The crisis, he says, runs much deeper than a few greedy Spanish hotel chains. "Globalization is a process that radically undermines national projects," he says. "International capital, as you can see here in Cancún, wants to offer only enough wages, healthcare and education to guarantee a minimum of stability. It then becomes complicit with corrupt local governments. And neither side asks very much of each other. Instead they fuse into a single mafia that robs the population of its human dignity."

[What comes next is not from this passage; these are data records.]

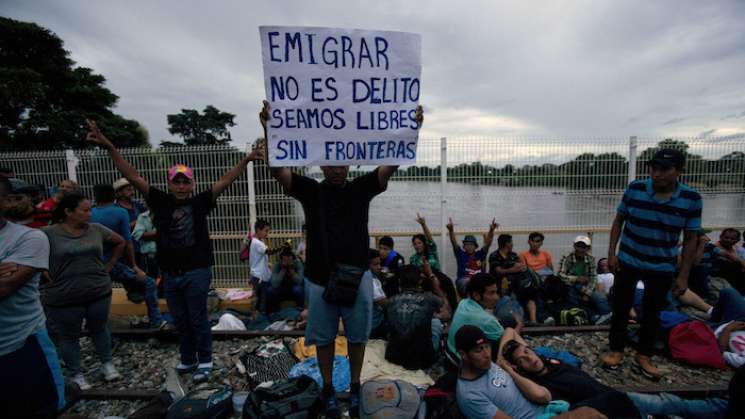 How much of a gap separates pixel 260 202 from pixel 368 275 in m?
4.55

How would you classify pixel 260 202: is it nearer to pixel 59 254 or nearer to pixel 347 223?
pixel 59 254

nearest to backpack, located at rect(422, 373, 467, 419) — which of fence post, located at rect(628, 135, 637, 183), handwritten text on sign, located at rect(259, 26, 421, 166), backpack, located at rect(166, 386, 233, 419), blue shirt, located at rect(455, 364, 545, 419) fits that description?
blue shirt, located at rect(455, 364, 545, 419)

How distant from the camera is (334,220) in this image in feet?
8.00

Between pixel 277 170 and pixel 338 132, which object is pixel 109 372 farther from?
pixel 338 132

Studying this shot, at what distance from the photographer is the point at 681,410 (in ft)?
9.08

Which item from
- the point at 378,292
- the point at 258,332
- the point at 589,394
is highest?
the point at 378,292

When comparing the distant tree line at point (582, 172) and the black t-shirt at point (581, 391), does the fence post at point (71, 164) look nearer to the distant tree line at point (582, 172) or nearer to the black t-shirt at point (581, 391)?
the distant tree line at point (582, 172)

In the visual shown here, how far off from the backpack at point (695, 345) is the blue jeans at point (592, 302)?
1295 mm

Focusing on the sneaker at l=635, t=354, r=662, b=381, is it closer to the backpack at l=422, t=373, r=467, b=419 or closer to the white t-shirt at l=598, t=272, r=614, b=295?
the backpack at l=422, t=373, r=467, b=419

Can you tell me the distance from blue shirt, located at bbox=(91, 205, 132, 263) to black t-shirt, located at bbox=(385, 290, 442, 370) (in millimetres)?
3281

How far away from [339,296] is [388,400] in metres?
1.00

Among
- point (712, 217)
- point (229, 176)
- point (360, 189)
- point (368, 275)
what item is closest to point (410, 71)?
point (360, 189)

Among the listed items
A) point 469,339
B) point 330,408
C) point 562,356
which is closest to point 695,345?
point 562,356

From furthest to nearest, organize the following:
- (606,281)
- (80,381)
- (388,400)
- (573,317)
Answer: (606,281)
(573,317)
(80,381)
(388,400) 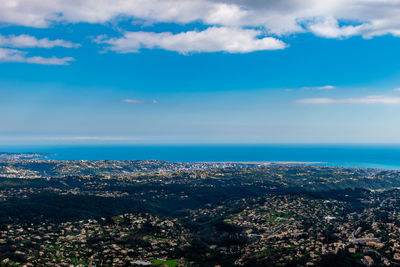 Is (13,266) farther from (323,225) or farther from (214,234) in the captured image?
(323,225)

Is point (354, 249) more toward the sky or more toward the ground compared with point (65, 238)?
more toward the sky

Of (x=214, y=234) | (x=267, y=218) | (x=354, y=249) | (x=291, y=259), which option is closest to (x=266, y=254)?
(x=291, y=259)

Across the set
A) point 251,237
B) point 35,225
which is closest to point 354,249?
point 251,237

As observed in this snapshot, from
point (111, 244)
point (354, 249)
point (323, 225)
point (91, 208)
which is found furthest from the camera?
point (91, 208)

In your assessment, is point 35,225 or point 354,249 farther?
point 35,225

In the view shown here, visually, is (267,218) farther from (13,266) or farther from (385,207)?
(13,266)

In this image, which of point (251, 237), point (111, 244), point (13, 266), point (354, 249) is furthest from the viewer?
point (251, 237)

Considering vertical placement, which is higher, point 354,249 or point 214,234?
point 354,249

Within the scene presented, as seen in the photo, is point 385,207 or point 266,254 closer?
point 266,254

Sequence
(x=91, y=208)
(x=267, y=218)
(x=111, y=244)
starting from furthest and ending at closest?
(x=91, y=208) → (x=267, y=218) → (x=111, y=244)
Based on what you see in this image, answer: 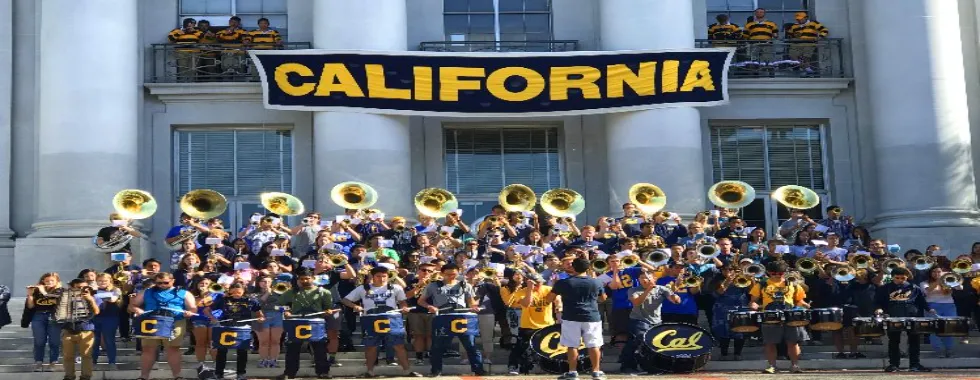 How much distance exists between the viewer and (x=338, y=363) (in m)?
20.4

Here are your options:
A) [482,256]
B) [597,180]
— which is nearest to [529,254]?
[482,256]

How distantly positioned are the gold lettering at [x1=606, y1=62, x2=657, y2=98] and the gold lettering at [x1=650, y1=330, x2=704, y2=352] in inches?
359

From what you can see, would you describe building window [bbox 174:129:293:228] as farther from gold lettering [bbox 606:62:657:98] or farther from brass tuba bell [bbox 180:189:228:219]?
gold lettering [bbox 606:62:657:98]

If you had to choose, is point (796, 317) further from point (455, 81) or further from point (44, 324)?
point (455, 81)

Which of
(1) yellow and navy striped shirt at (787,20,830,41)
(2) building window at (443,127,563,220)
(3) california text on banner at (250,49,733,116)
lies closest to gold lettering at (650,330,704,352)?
(3) california text on banner at (250,49,733,116)

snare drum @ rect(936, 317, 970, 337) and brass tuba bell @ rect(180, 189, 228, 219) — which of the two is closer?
snare drum @ rect(936, 317, 970, 337)

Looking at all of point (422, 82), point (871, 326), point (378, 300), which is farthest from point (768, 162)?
point (378, 300)

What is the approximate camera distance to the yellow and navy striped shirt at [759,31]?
29.4 metres

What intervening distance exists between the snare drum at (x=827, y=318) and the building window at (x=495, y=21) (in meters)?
11.2

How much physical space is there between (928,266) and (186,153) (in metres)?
13.4

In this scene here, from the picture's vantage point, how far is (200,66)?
28906mm

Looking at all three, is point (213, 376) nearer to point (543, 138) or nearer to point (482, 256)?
point (482, 256)

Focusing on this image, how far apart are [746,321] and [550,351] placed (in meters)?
2.52

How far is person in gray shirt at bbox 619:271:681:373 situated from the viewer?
1988 cm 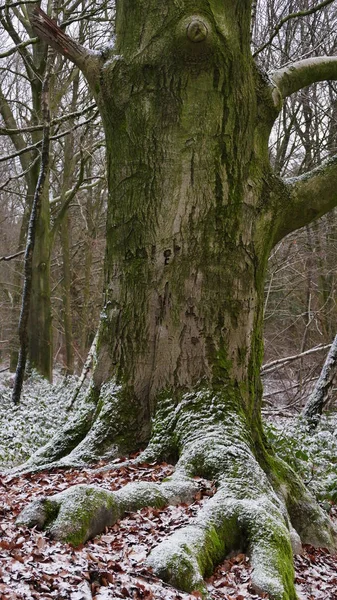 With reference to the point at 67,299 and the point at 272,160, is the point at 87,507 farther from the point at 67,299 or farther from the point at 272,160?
the point at 272,160

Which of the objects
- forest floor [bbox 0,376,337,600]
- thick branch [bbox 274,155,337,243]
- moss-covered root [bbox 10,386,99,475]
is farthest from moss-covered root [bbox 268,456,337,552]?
thick branch [bbox 274,155,337,243]

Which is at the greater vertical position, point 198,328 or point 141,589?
point 198,328

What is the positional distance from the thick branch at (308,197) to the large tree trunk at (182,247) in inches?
9.3

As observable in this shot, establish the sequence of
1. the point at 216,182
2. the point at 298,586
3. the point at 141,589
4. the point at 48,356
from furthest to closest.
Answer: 1. the point at 48,356
2. the point at 216,182
3. the point at 298,586
4. the point at 141,589

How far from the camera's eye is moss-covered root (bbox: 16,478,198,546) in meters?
3.59

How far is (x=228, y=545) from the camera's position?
151 inches

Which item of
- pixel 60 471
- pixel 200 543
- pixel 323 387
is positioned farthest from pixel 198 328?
pixel 323 387

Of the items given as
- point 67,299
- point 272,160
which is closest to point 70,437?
point 67,299

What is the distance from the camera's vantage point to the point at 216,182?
17.6ft

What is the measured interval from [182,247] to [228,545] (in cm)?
257

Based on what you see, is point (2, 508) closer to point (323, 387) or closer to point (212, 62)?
point (212, 62)

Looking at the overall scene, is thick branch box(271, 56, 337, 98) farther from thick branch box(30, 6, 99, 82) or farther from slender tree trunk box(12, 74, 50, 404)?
slender tree trunk box(12, 74, 50, 404)

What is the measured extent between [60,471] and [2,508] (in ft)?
3.43

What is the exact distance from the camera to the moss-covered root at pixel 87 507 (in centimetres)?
359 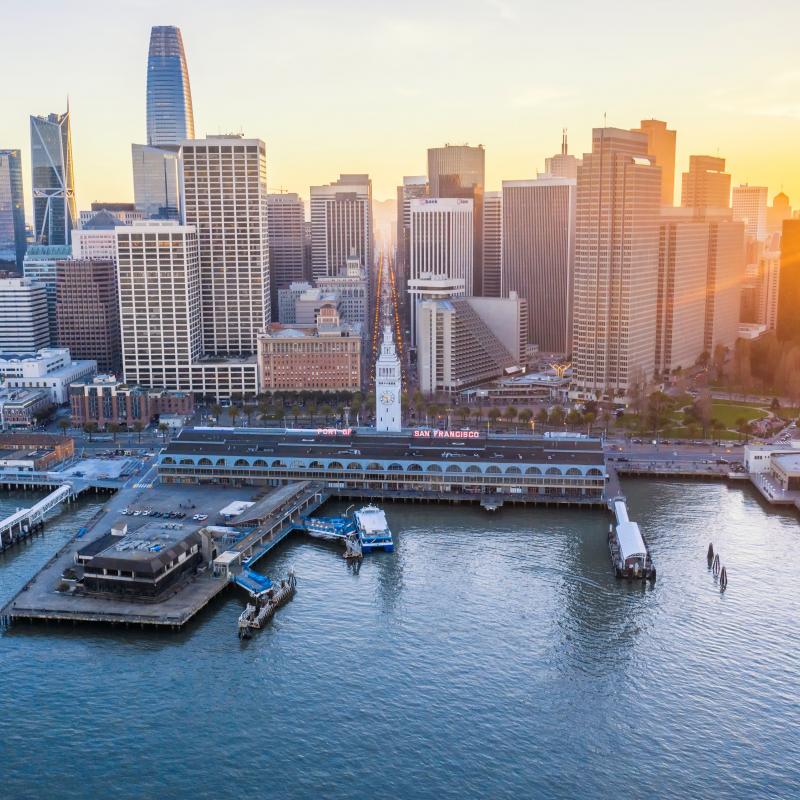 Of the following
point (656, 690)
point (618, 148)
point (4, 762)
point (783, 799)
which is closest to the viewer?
point (783, 799)

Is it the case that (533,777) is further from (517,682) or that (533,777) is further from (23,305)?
(23,305)

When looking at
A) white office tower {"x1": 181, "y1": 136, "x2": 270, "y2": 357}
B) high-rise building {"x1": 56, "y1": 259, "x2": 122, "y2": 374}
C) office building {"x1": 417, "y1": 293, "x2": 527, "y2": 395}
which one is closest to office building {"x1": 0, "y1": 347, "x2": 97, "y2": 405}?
high-rise building {"x1": 56, "y1": 259, "x2": 122, "y2": 374}

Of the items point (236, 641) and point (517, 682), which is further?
point (236, 641)

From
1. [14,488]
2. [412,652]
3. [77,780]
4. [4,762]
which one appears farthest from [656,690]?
[14,488]

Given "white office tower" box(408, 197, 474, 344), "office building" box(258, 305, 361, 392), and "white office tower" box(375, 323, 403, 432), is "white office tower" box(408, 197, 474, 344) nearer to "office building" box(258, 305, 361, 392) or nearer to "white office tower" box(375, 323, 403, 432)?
"office building" box(258, 305, 361, 392)

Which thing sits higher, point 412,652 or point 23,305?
point 23,305

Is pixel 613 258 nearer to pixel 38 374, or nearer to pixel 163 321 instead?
pixel 163 321

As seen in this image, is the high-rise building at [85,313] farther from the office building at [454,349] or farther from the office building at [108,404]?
the office building at [454,349]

Two years ago, Diaz helped lead a study of the Cancún economy that detailed the radical shortcomings in its model of free-market development. "We have a $10 billion industry here, and all it does is consistently degrade the work force," he says. "Labor was brought in but never trained or upgraded. We have two miserable libraries, only two athletic fields, only four youth coaches, only six baseball diamonds, no public university, but we have public schools where the principals pocket 'registration fees.' We have half the population without sewers, but we have 7,000 liquor stores, half of them clandestine, 4,000 prostitutes who each pay the police $10 a month and 400 crackhouses that also produce about $2 million a month in police protection money. Do you think this is just? Do you think this is fair treatment by a $10 billion industry?"

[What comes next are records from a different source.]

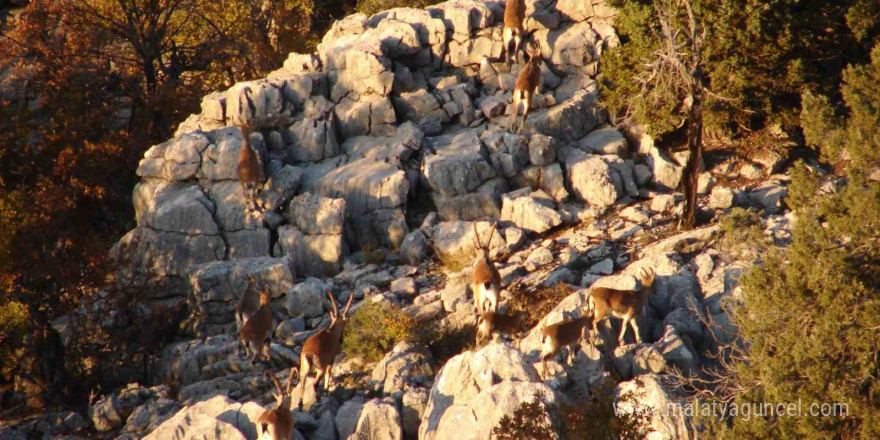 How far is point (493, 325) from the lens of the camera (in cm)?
1712

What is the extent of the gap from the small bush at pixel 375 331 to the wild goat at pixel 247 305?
2239 mm

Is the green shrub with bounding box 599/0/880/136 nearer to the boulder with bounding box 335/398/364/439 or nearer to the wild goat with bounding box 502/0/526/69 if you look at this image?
the wild goat with bounding box 502/0/526/69

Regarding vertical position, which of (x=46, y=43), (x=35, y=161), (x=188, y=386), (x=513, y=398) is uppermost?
(x=46, y=43)

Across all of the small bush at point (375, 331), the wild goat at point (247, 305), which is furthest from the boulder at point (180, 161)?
the small bush at point (375, 331)

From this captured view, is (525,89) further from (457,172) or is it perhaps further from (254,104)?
(254,104)

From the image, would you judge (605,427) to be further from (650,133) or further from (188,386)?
(650,133)

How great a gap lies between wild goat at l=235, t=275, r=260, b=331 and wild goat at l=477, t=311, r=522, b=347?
17.8ft

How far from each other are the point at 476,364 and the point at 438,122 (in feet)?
34.9

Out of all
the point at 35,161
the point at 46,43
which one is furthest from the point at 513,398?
the point at 46,43

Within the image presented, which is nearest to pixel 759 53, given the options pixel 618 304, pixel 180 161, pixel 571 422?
pixel 618 304

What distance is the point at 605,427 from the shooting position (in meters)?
13.8

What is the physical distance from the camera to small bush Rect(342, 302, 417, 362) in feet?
60.2

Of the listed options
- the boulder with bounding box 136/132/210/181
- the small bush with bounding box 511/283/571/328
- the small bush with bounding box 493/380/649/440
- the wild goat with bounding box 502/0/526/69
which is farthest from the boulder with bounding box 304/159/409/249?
the small bush with bounding box 493/380/649/440

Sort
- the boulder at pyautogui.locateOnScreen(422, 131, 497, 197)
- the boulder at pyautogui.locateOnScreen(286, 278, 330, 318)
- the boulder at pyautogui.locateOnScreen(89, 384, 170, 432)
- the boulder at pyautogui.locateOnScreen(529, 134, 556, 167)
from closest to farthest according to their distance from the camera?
the boulder at pyautogui.locateOnScreen(89, 384, 170, 432) < the boulder at pyautogui.locateOnScreen(286, 278, 330, 318) < the boulder at pyautogui.locateOnScreen(422, 131, 497, 197) < the boulder at pyautogui.locateOnScreen(529, 134, 556, 167) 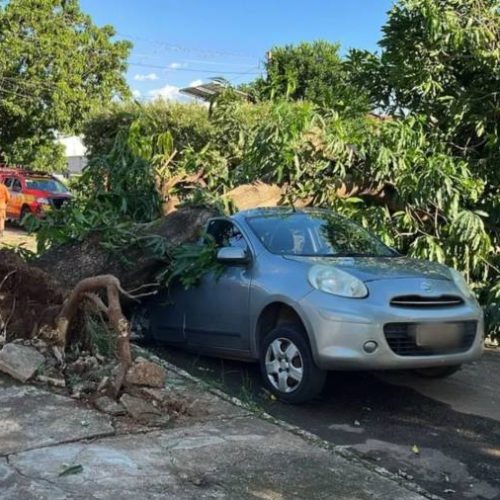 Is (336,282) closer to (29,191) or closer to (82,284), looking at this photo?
(82,284)

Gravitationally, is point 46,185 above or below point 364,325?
above

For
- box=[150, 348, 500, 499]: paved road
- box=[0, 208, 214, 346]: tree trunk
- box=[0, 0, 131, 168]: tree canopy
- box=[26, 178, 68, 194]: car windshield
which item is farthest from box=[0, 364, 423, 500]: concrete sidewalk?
box=[0, 0, 131, 168]: tree canopy

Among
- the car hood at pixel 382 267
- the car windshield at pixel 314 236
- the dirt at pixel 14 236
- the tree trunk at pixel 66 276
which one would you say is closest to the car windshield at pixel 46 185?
the dirt at pixel 14 236

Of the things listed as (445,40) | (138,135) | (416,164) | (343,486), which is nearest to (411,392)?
(343,486)

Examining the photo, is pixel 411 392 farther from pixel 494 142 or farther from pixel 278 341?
pixel 494 142

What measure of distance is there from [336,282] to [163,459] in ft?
7.23

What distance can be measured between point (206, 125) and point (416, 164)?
1147cm

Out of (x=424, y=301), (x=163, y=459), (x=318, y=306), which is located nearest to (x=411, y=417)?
(x=424, y=301)

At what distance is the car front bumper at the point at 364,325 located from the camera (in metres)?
5.68

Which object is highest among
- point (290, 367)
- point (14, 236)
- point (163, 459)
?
point (14, 236)

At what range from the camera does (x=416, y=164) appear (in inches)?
390

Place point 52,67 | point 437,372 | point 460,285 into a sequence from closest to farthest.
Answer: point 460,285, point 437,372, point 52,67

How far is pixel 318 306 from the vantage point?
19.2ft

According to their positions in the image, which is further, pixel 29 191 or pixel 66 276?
pixel 29 191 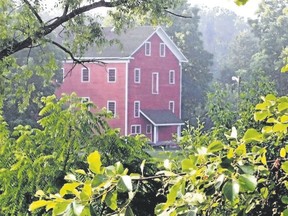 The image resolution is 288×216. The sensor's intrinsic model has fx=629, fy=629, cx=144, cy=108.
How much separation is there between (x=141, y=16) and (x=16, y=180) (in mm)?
9334

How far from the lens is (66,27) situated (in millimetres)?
13070

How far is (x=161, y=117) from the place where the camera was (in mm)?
39562

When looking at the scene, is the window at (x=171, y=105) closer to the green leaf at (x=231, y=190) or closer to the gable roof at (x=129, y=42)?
the gable roof at (x=129, y=42)

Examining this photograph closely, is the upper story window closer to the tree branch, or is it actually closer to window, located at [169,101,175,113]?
window, located at [169,101,175,113]

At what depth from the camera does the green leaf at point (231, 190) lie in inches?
51.6

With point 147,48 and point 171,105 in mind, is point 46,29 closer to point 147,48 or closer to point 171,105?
point 147,48

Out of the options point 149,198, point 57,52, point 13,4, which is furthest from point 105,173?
point 57,52

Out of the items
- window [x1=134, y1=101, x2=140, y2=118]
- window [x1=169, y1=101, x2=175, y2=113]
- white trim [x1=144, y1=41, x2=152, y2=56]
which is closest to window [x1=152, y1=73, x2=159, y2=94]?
white trim [x1=144, y1=41, x2=152, y2=56]

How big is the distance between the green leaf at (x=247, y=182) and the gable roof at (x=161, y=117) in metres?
37.2

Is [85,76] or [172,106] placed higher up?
[85,76]

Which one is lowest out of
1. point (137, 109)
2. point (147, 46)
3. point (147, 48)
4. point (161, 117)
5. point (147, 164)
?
point (161, 117)

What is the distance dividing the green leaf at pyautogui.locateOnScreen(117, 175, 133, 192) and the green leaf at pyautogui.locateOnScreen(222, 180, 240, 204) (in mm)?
202

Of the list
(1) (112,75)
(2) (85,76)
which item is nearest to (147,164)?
(1) (112,75)

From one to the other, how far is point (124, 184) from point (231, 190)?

The study made hundreds of concrete suggestions for reform and improvement, but he says, "We have been totally, but totally ignored. Not one of our suggestions has been implemented. The globalizers couldn't care less about sustainability or even social order. What's most important to them is competitiveness. And, damn it, if being competitive means they have to pay you $4 a day--then $4 a day is all you're going to be paid."